[WHAT YOU NEED TO DO]
Reproduce verbatim the line containing "ナイキ(NIKE)のNIKE パンツ（その他）" and every line that follows it through the end of the entries below, omitting all pictures.
::::::
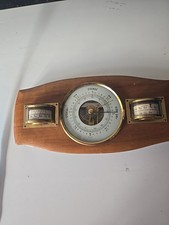 Vintage Wall Mount West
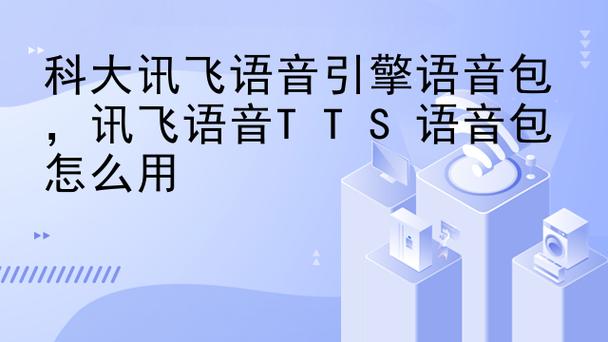 科大讯飞语音引擎下载截图2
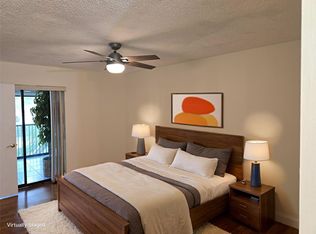 4049 N Carambola Circle #4049, Pompano Beach, FL 33066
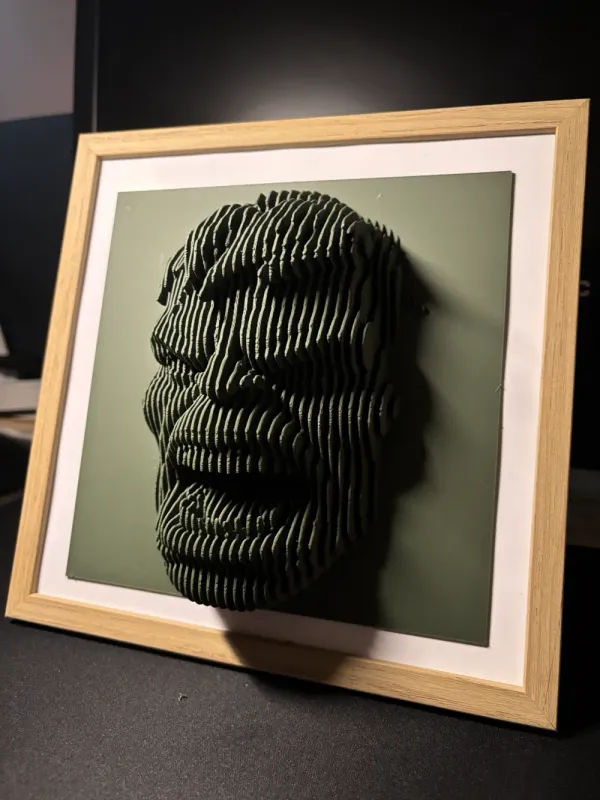 Hulk_Wall_ArtHulk_Unleashed_Wall_Decor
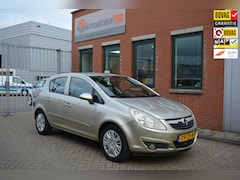 Opel Corsa - 1.4-16V Enjoy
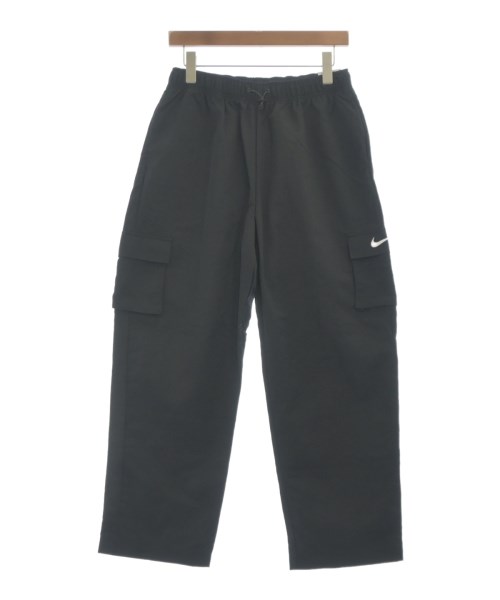 ナイキ(NIKE)のNIKE パンツ（その他）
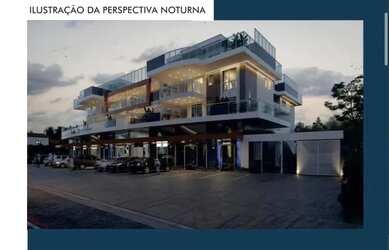 Imagem 4: Wind- Apartamentos e Coberturas em Itacoatiara- Niteói/RJ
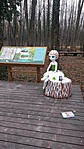 20160202_122113
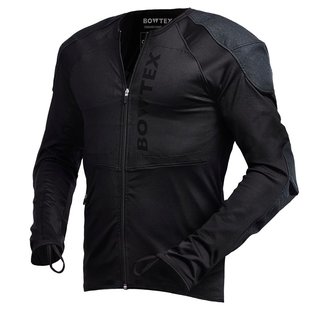 Standard R Shirt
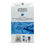 Miniatură: 3013643014706- Kit linogravura Linocut Starter Lefranc Bourgeois 3013643014706
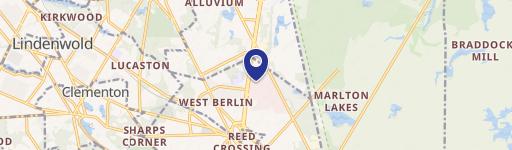 411 Bloomfield Dr, Unit 417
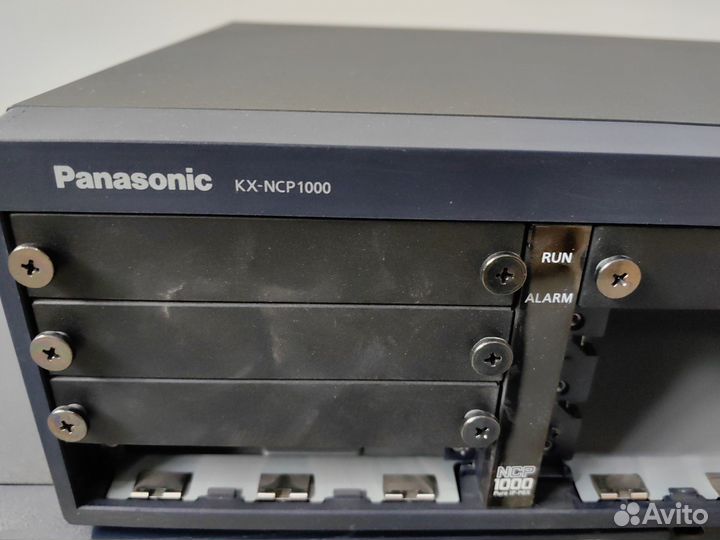 Распродаём остатки, атс тушки ncp500/ncp1000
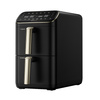 Frytkownica Beztłuszczowa Air Fryer Dreame DS50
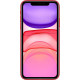 Смартфон Apple iPhone 11 64GB Red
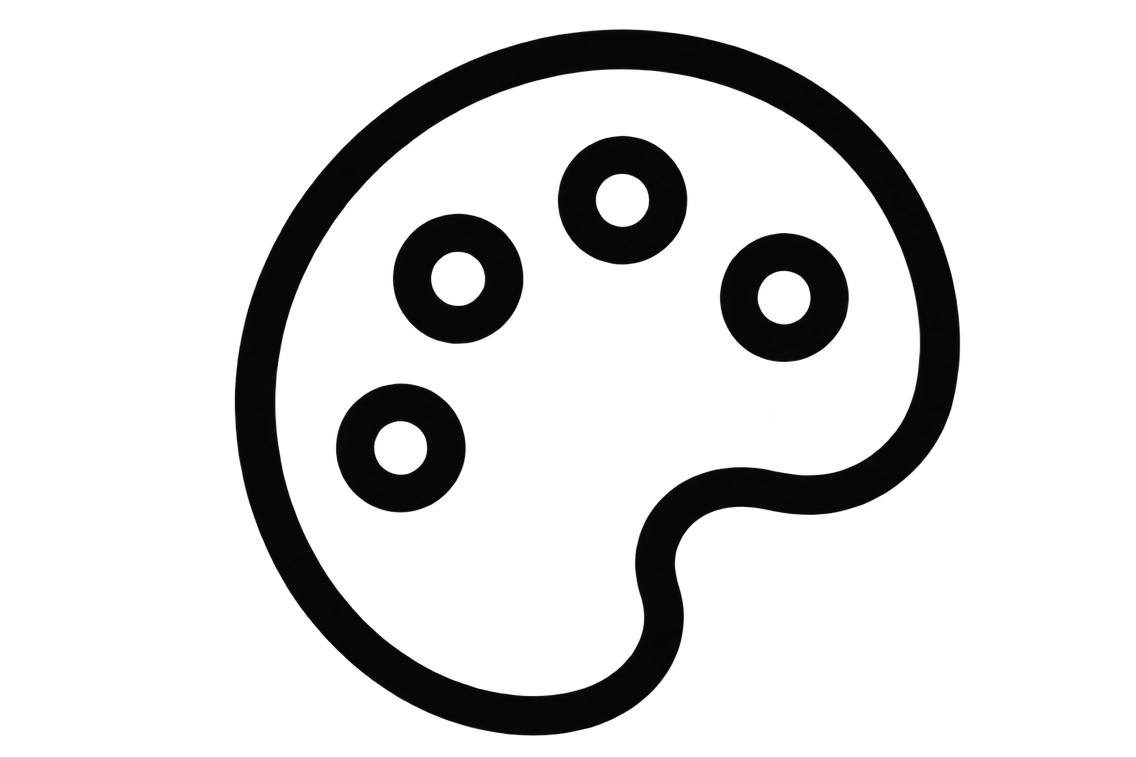 Contenuto multimediale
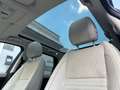 Land Rover Discovery Sport 2.0 si4 mhev S awd 200cv - AUT/NAV/TETTO/CAMERA Blau - thumbnail 14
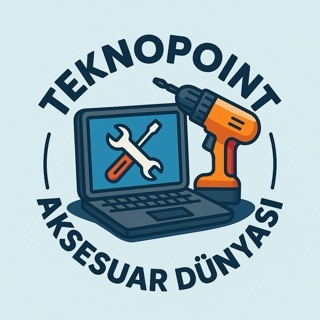 GÜMÜŞ İLETİŞİM TELEFON AKSESUAR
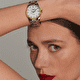 Наручные часы Longines Master Collection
::::::
[ANSWER TO THIS EXERCISE]
 ナイキ(NIKE)のNIKE パンツ（その他）
 Imagem 4: Wind- Apartamentos e Coberturas em Itacoatiara- Niteói/RJ
 20160202_122113
 Standard R Shirt
 Miniatură: 3013643014706- Kit linogravura Linocut Starter Lefranc Bourgeois 3013643014706
 411 Bloomfield Dr, Unit 417
 Распродаём остатки, атс тушки ncp500/ncp1000
 Frytkownica Beztłuszczowa Air Fryer Dreame DS50
 Смартфон Apple iPhone 11 64GB Red
 Contenuto multimediale
 Land Rover Discovery Sport 2.0 si4 mhev S awd 200cv - AUT/NAV/TETTO/CAMERA Blau - thumbnail 14
 GÜMÜŞ İLETİŞİM TELEFON AKSESUAR
 Наручные часы Longines Master Collection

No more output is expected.